Technological advances such as the widespread availability of the Internet and online databases have had a major impact on street-level bureaucracy and the front-line civil servants who provide services to citizens. There are two major theories on how technology has impacted this sector: curtailment theory and enablement theory. Curtailment theory holds that increasing technological advances hinder street-level bureaucrats and their ability to perform effectively; especially concerning their ability to exercise discretion on complex cases. Enablement theory holds that increasing technological advances, at best, empower the existing abilities of the street-level bureaucrat and better inform the citizen. At worst, the effects of technology are ambiguous.

=== Curtailment theory ===

It was first argued by Snellen that increasing technological advances (ITA) "deeply challeng[e] [the street-level bureaucrat's] ability to manipulate information." Snellen believed it was the ability to manipulate information that gave the SLB's their power. He further argued that as more decisions are made by computers or software, SLB's will lose their discretionary powers and they will shift to other actors. For example, in the 2010, some government organizations use online application forms for programs in which the computer program, rather than a human front-line bureaucrat, will reject applications which are incomplete. In a pre-technological advances era, a front-line bureaucrat might have used his or her discretion over decisions to allow an application in which some of the information requests are not completed (e.g., due to urgent need on the part of the citizen or the existence of an emergency situation). For example, in the 1960s and 1970s, if a social worker received a hand-written, pen-and-paper application from a homeless person for social assistance, the bureaucrat might approve the application even if the applicant did not have a street address or the required identification documents, to ensure that the applicant remained housed and safe.

However, there are four problems with this thesis. First, it is implied, but never proven, that with the arrival of more technology, discretion at the frontline will diminish or become non-existent. Second, Snellen's definition of the SLB's source of power is too narrow and does not take into account other sources of discretion. Third, this thesis only pertains to particular public organizations and does not apply to more common types of street-level bureaucracies such as police departments, schools, or social welfare departments.
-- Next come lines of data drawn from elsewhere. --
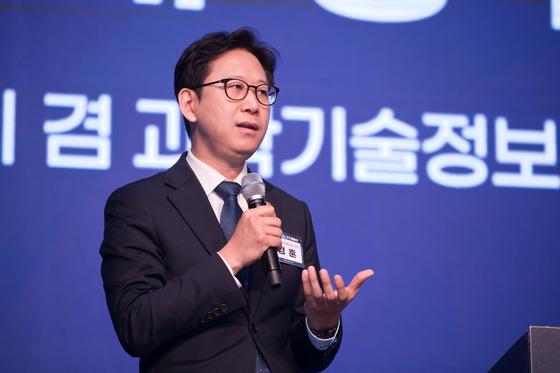 AI기본법 시행령 국무회의 통과…"AI 활용 활성화·취약계층 규정"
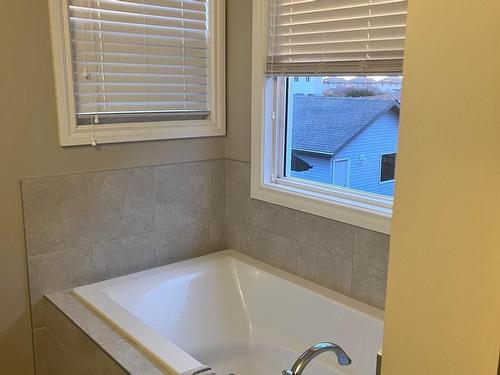 2627 20 Avenue, Edmonton, AB - Indoor Photo Showing Bathroom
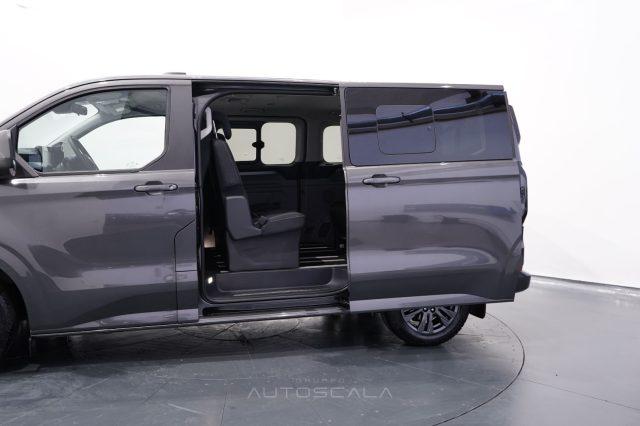 FORD Tourneo Custom 2.0 EcoBlue 170cv aut. AWD PL Titanium X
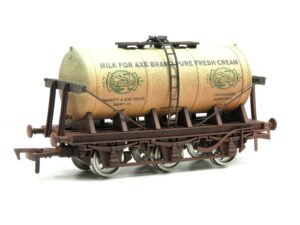 Dapol 4F-031-148, 6 Wheel Milk Tanker Axe Brand Cream Weathered Finish OO Gauge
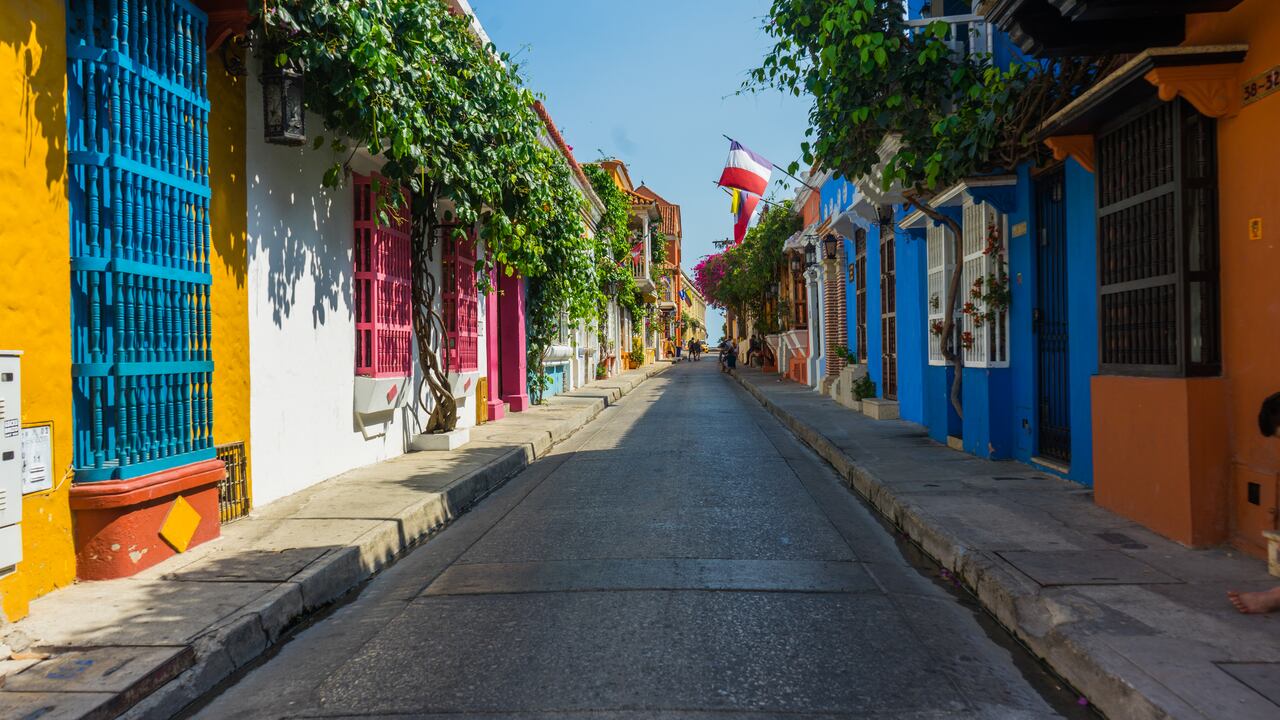 Los balcones han sido fuente de inspiración para poetas, escritores, pintores, escultores y artistas, pues evocan historias de amores prohibidos en medio de la noche cartagenera y la tenue luz de los faroles. Están presentes también en las novelas de Gabriel García Márquez.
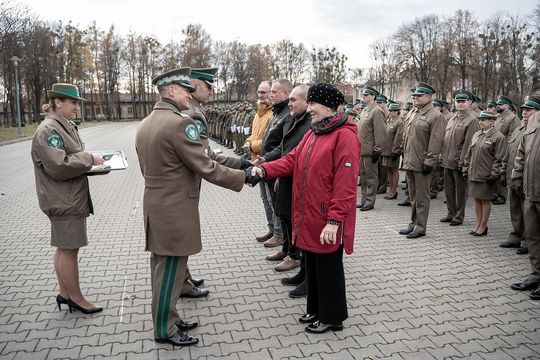 Awanse, medale i odznaki. Ślubowanie nowych funkcjonariuszy NOSG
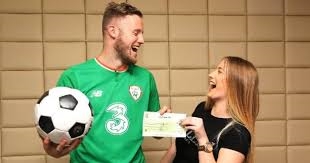 Dayısı loteriya hədiyə etdi -  Futbolçu 1 milyon uddu (FOTOLAR)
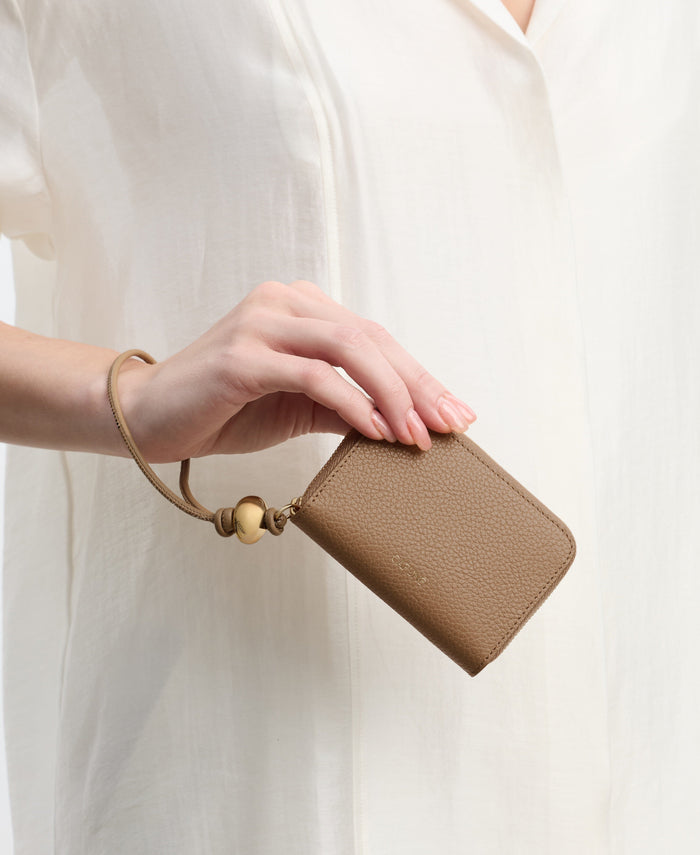 Egg Zip Coin Purse - Tan Small Leather Goods Cafuné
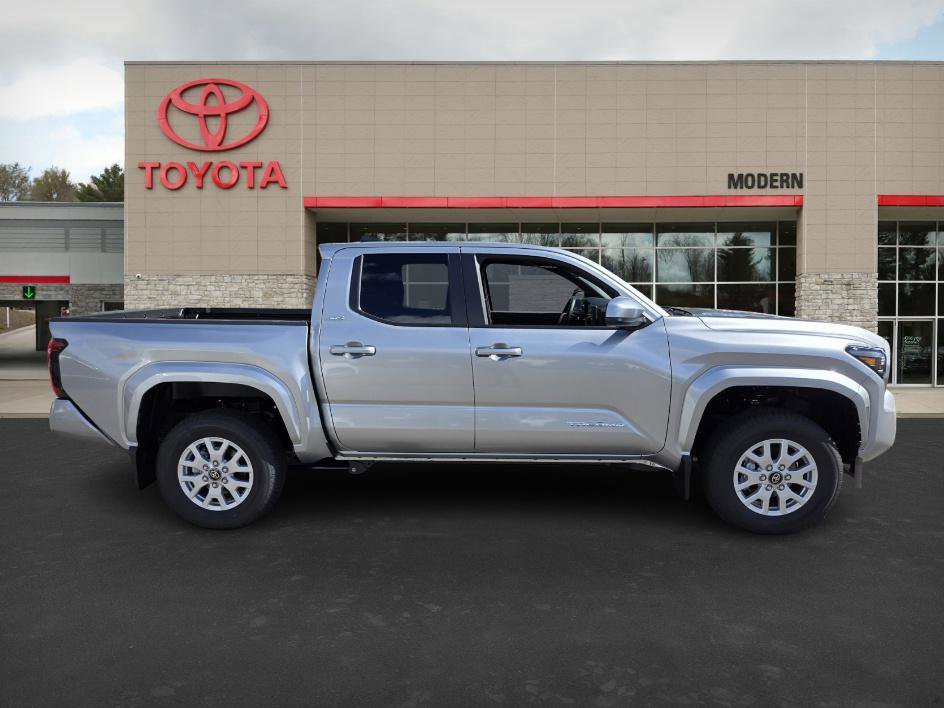 2025 Toyota Tacoma SR5 photo 4
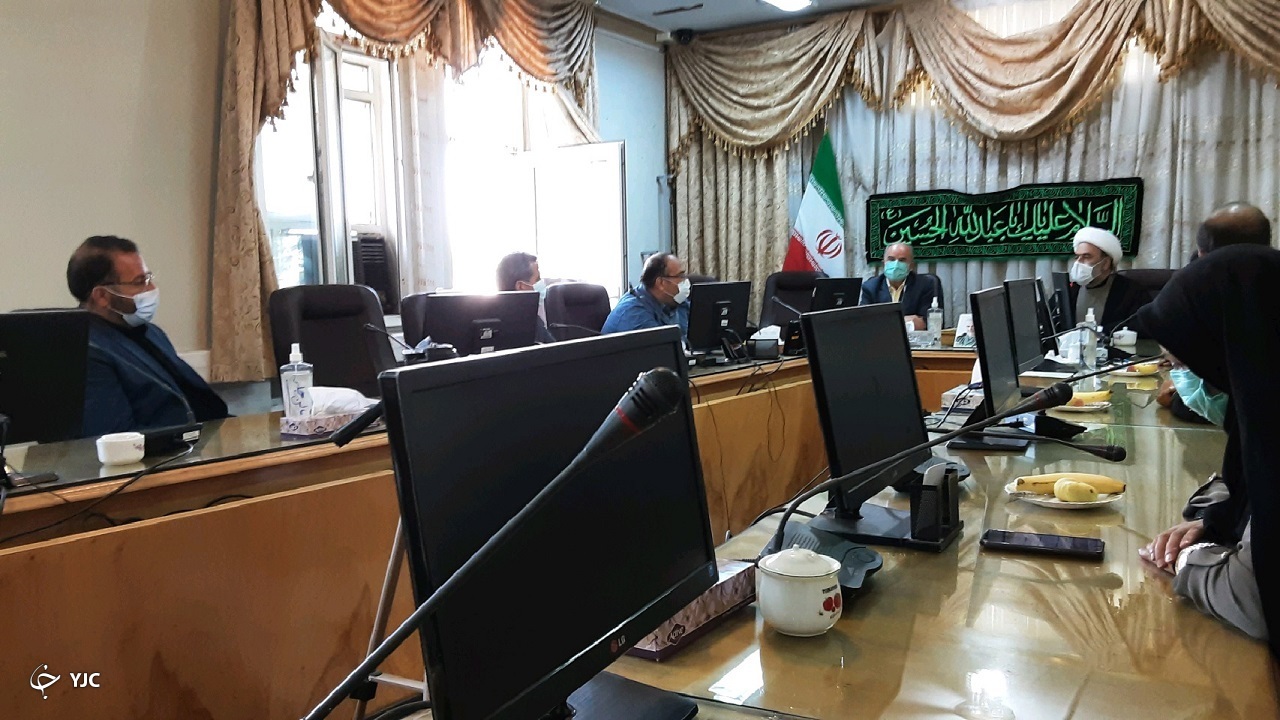 عذرخواهی از خبرنگار مضروب در جلسه رسمی فرمانداری اراک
Lastly, this theory does not take into account how SLB's and other caseworkers actually utilize this new technology and how that might affect their performance.

=== Enablement theory ===

In contrast to the curtailment theory, a 2007 study by Jorna and Wagenaar showed that ITA was able to increase the amount of work done while cutting down on inconsistencies. However, the meaning and content of this work was not able to be captured and understood by ITA. A 2004 study by Vitalis and Duhaut
highlighted the ambiguous nature of ITA. It was shown that the Internet or other forms of technology were utilized for simpler tasks, and more elaborate and complex matters were dealt with face-to-face with citizens. Vitalis and Duhaut come to the conclusion that a SLB has their discretionary power enhanced by ITA, and citizens benefit from ITA by being better informed of their rights when dealing with SLBs and
their institutions. This theory maintains that discretion by the SLB is not hindered in any way by ITA and will continue to do their jobs effectively. This theory also focuses more on how ITA is utilized by both citizens and state agents which puts more emphasis on the ability of ITA to further help and empower SLBs and citizens.